### Your assignment
For the entries that follow, set down each one exactly and drop any pictures.

[[ Provided data, beginning ]]

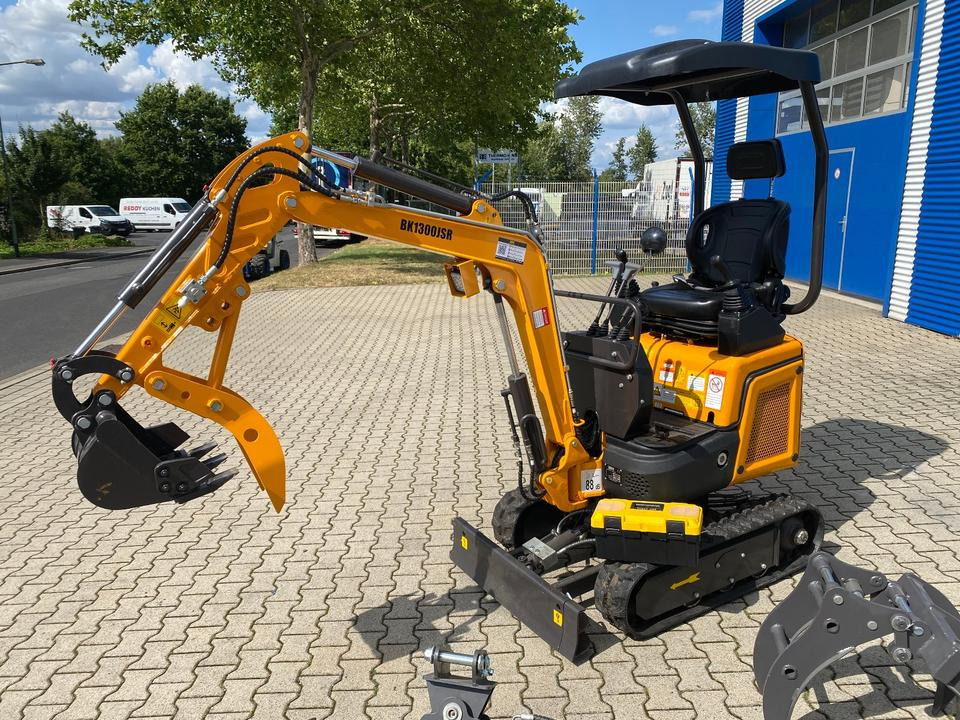 Minibagger BK1300JSR inkl. großem Zubehörpaket *INKL.19% MWST*BERGER KRAUS* VERSTELLFAHRWERK*KUBOTA*SOFORT!* - Mini pelle: photos 3 Minibagger BK1300JSR inkl. großem Zubehörpaket *INKL.19% MWST*BERGER KRAUS* VERSTELLFAHRWERK*KUBOTA*SOFORT!* - Mini pelle: photos 3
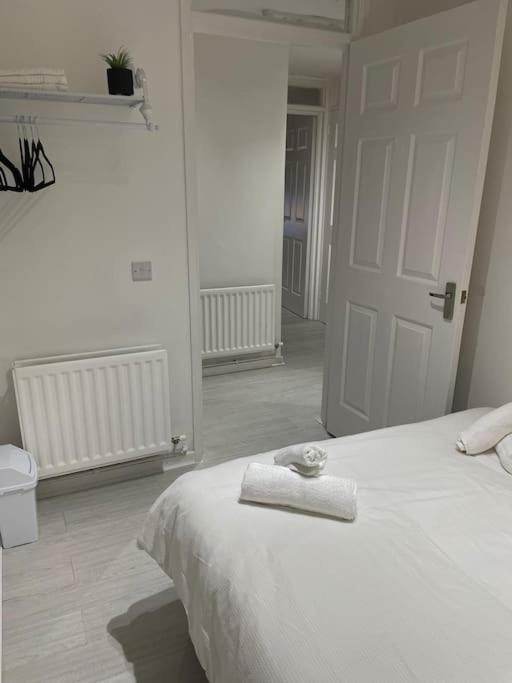Chic: Elegant 2br Sleeps 5, Prime Location Apartment *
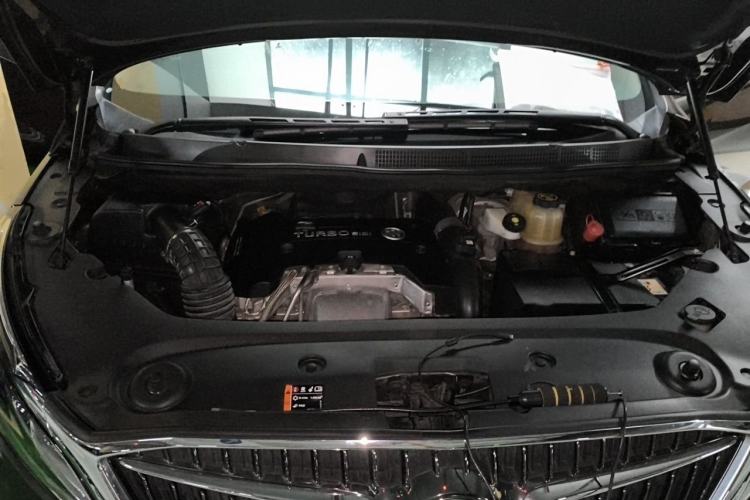 Used Buick GL8 2017 ES 28T Flagship Model China V Standard Engine Bay
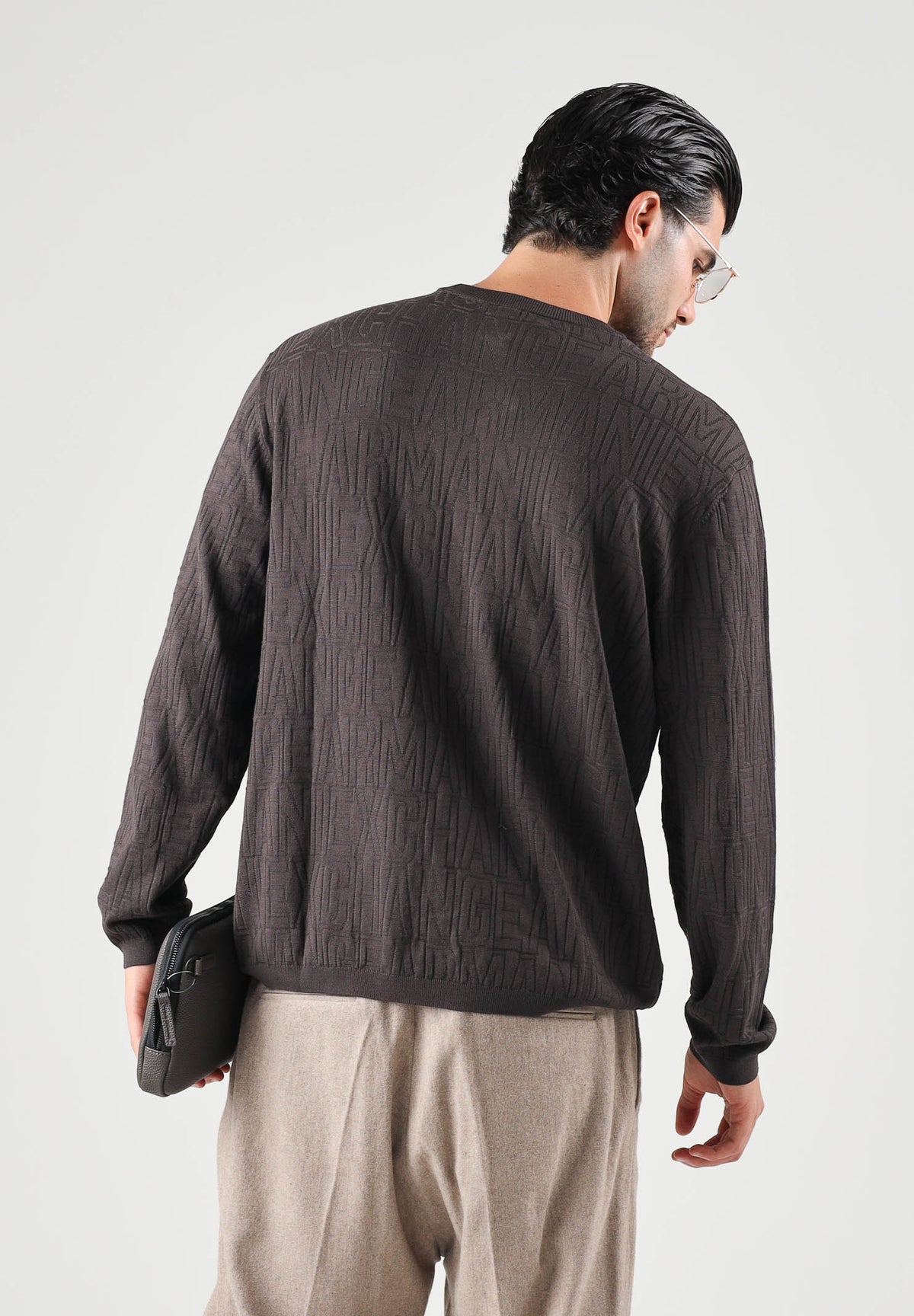 ARMANI EXCHANGE Maglia girocollo licorice-grigio scuro da uomo con motivo texturizzato sul petto XM002986AF10454 U8128 ARMANI EXCHANGE 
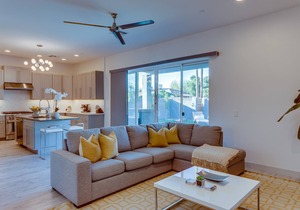 Luxury home with heated pool and hot tub close to old-town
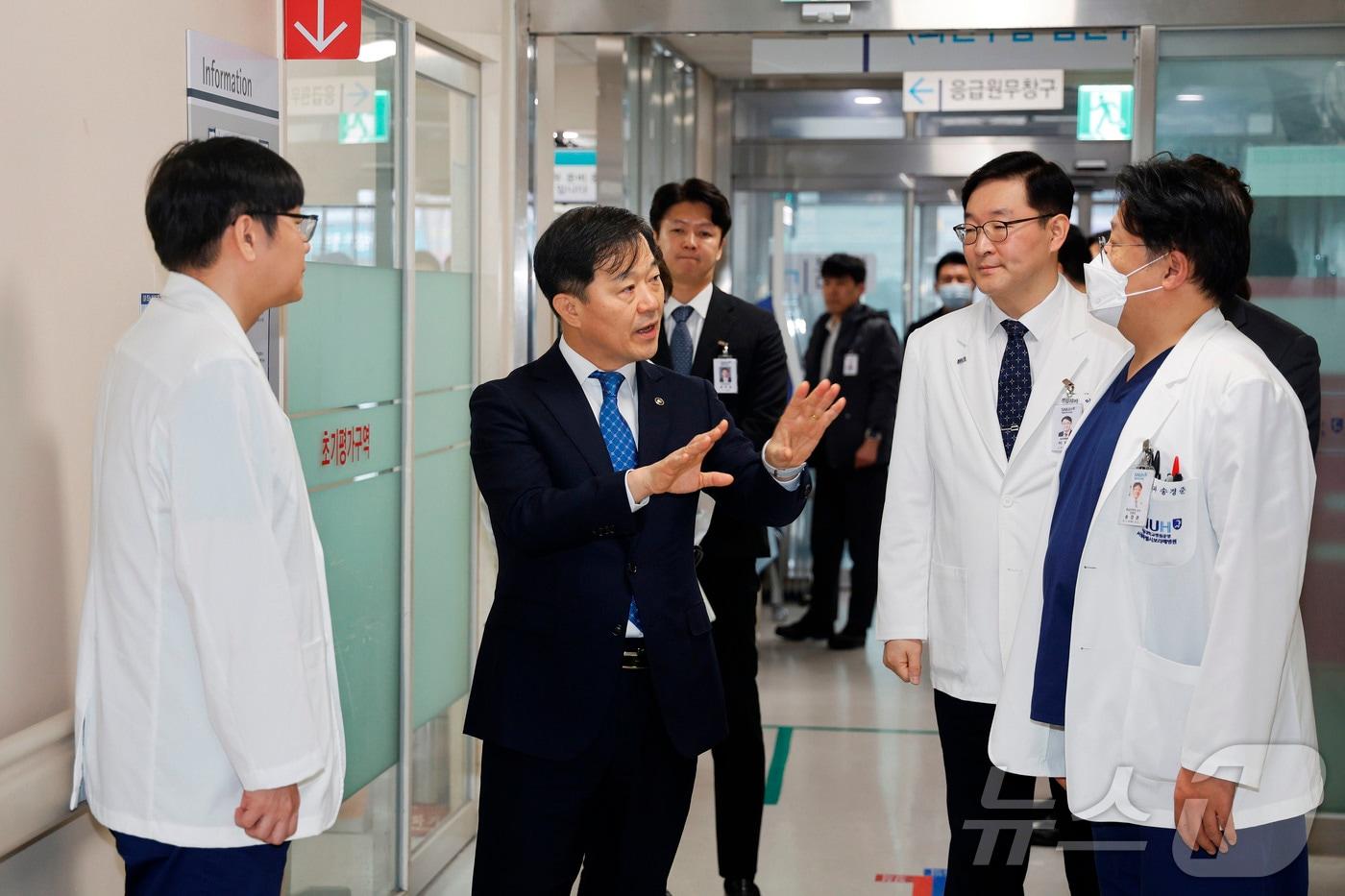 본문 이미지 - 이형훈 보건복지부 제2차관이 12일 오전 서울 동작구 서울보라매병원을 방문해 설 연휴 대비 응급의료 현황을 관계자로부터 청취하고 있다. (보건복지부 제공. 재판매 및 DB 금지)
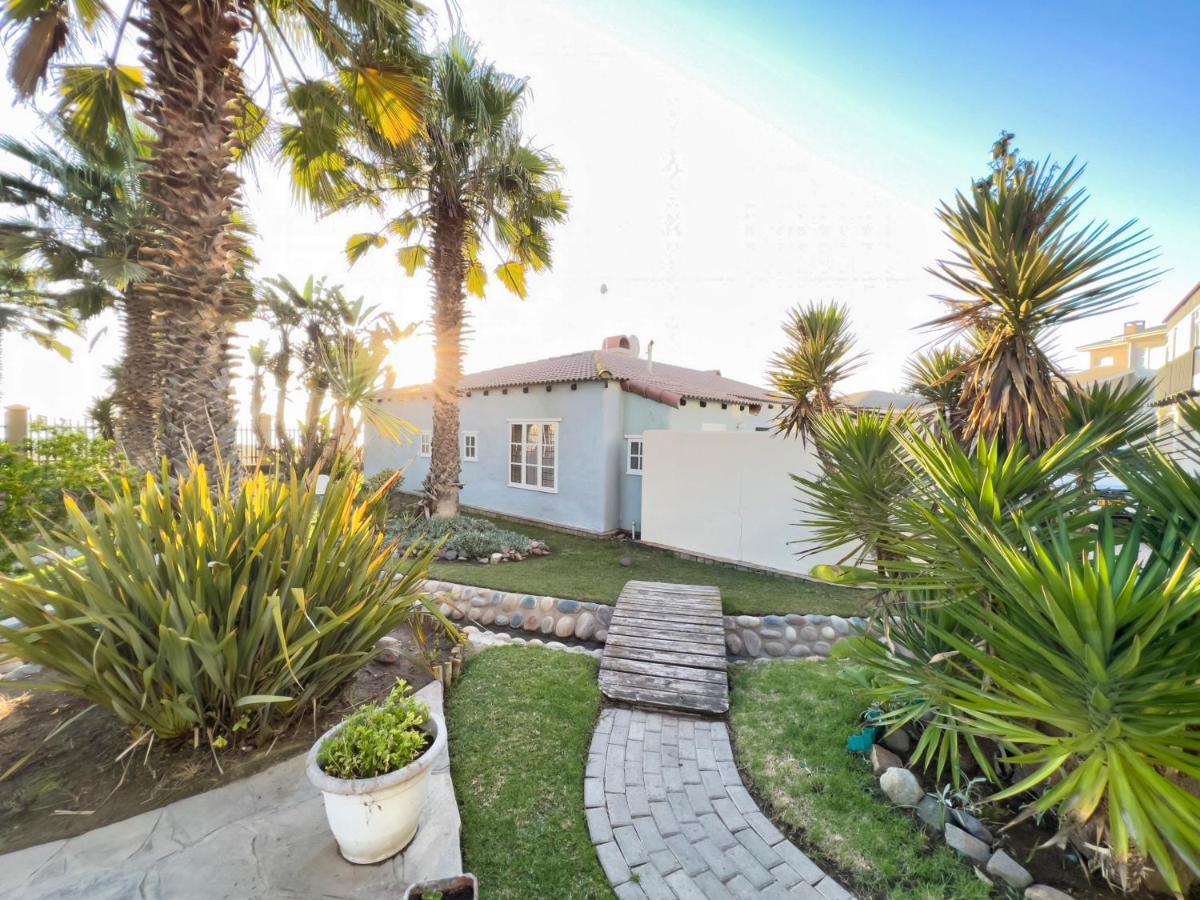 Mira Mar 8 Villa Суакопмунд Екстериор снимка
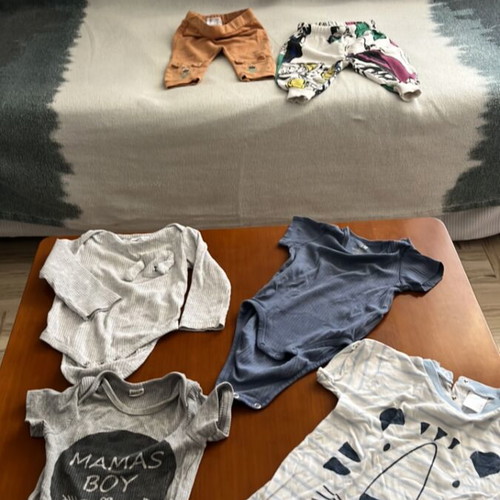 Baby bodysuits and pants 9 to 12 months like new, set of 8 pieces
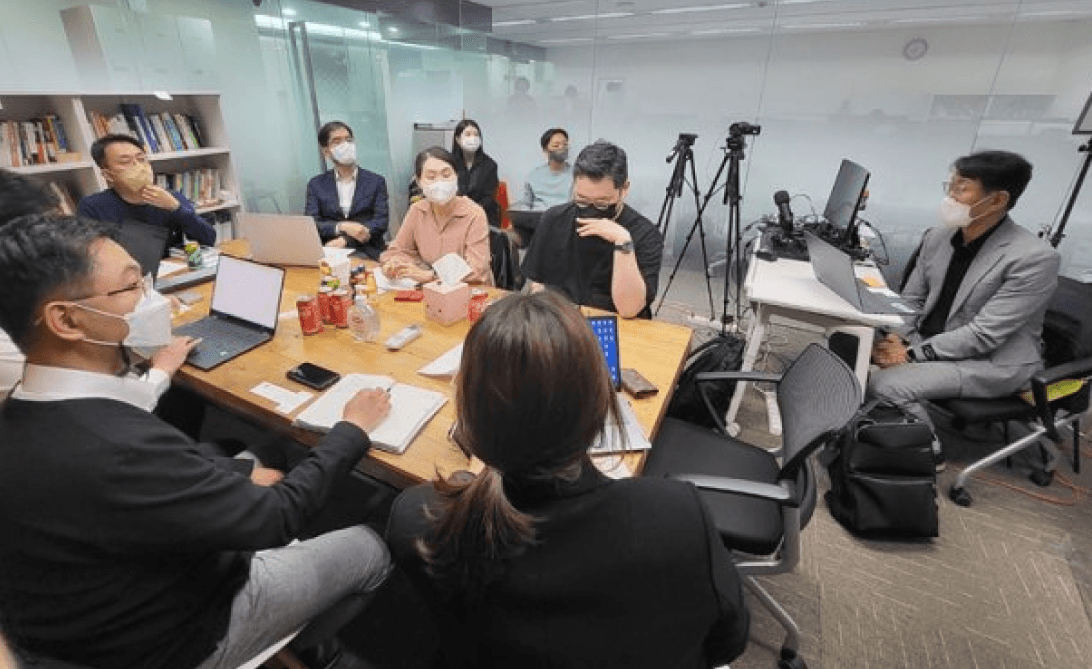 웍스메이트 팀장클럽 회의장에서 업계 관계자들이 원탁에 앉아 토론하는 모습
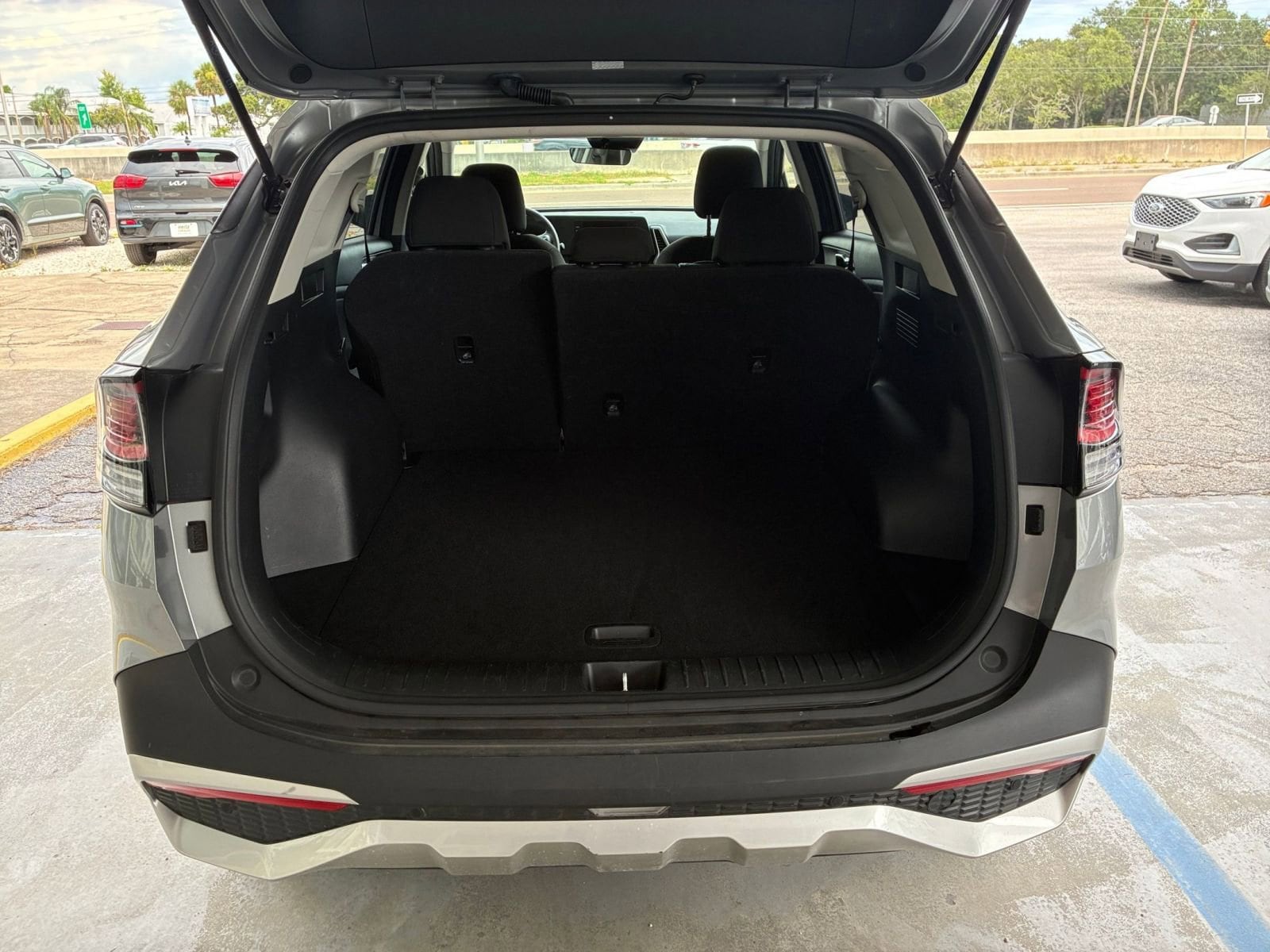 Thumbnail: 2024 Kia Sportage - 30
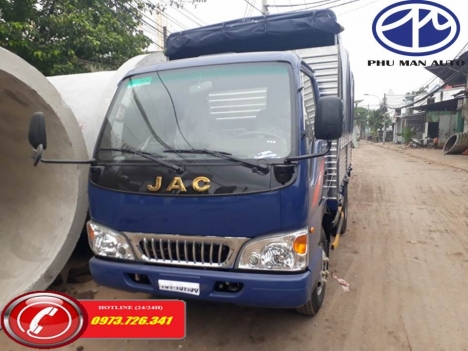 Xe tải nhẹ JAC 2t4 cabin bầu.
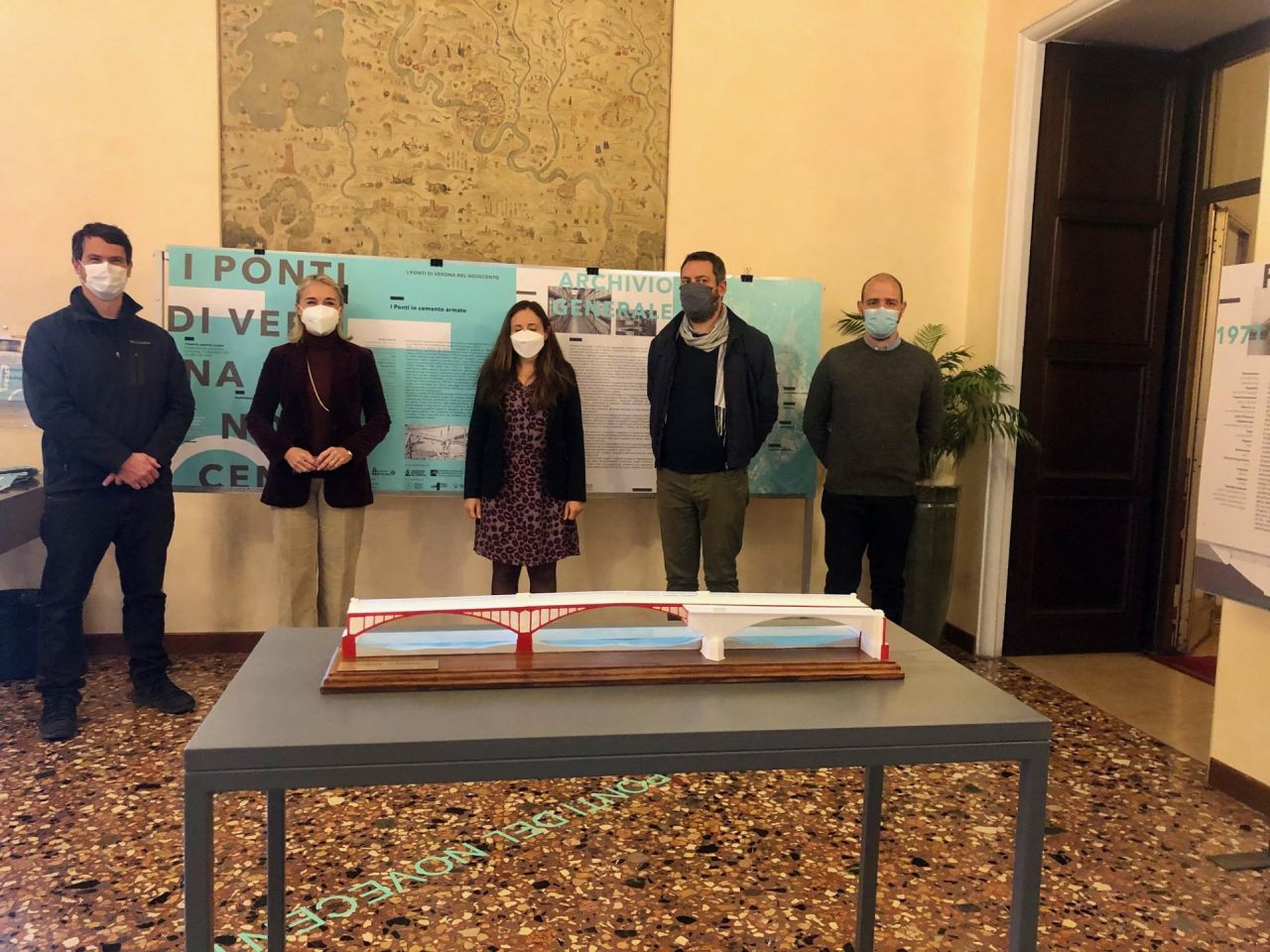 La storia degli antichi ponti di Verona in mostra in Municipio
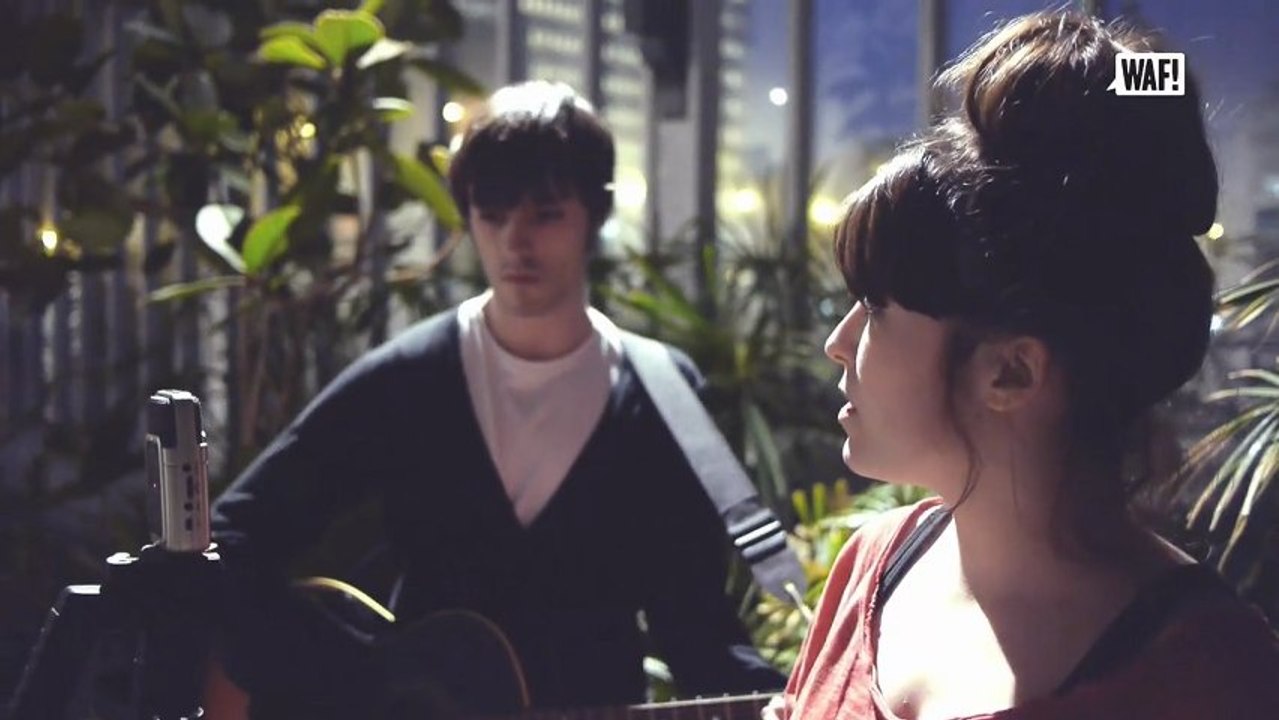 WAF! Mlle Nineteen "Je Marche sur des Pétales de Roses"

[[ Provided data, end ]]

### Answer for the task
 Minibagger BK1300JSR inkl. großem Zubehörpaket *INKL.19% MWST*BERGER KRAUS* VERSTELLFAHRWERK*KUBOTA*SOFORT!* - Mini pelle: photos 3 Minibagger BK1300JSR inkl. großem Zubehörpaket *INKL.19% MWST*BERGER KRAUS* VERSTELLFAHRWERK*KUBOTA*SOFORT!* - Mini pelle: photos 3
Chic: Elegant 2br Sleeps 5, Prime Location Apartment *
 Used Buick GL8 2017 ES 28T Flagship Model China V Standard Engine Bay
 ARMANI EXCHANGE Maglia girocollo licorice-grigio scuro da uomo con motivo texturizzato sul petto XM002986AF10454 U8128 ARMANI EXCHANGE 
 Luxury home with heated pool and hot tub close to old-town
 본문 이미지 - 이형훈 보건복지부 제2차관이 12일 오전 서울 동작구 서울보라매병원을 방문해 설 연휴 대비 응급의료 현황을 관계자로부터 청취하고 있다. (보건복지부 제공. 재판매 및 DB 금지)
 Mira Mar 8 Villa Суакопмунд Екстериор снимка
 Baby bodysuits and pants 9 to 12 months like new, set of 8 pieces
 웍스메이트 팀장클럽 회의장에서 업계 관계자들이 원탁에 앉아 토론하는 모습
 Thumbnail: 2024 Kia Sportage - 30
 Xe tải nhẹ JAC 2t4 cabin bầu.
 La storia degli antichi ponti di Verona in mostra in Municipio
 WAF! Mlle Nineteen "Je Marche sur des Pétales de Roses"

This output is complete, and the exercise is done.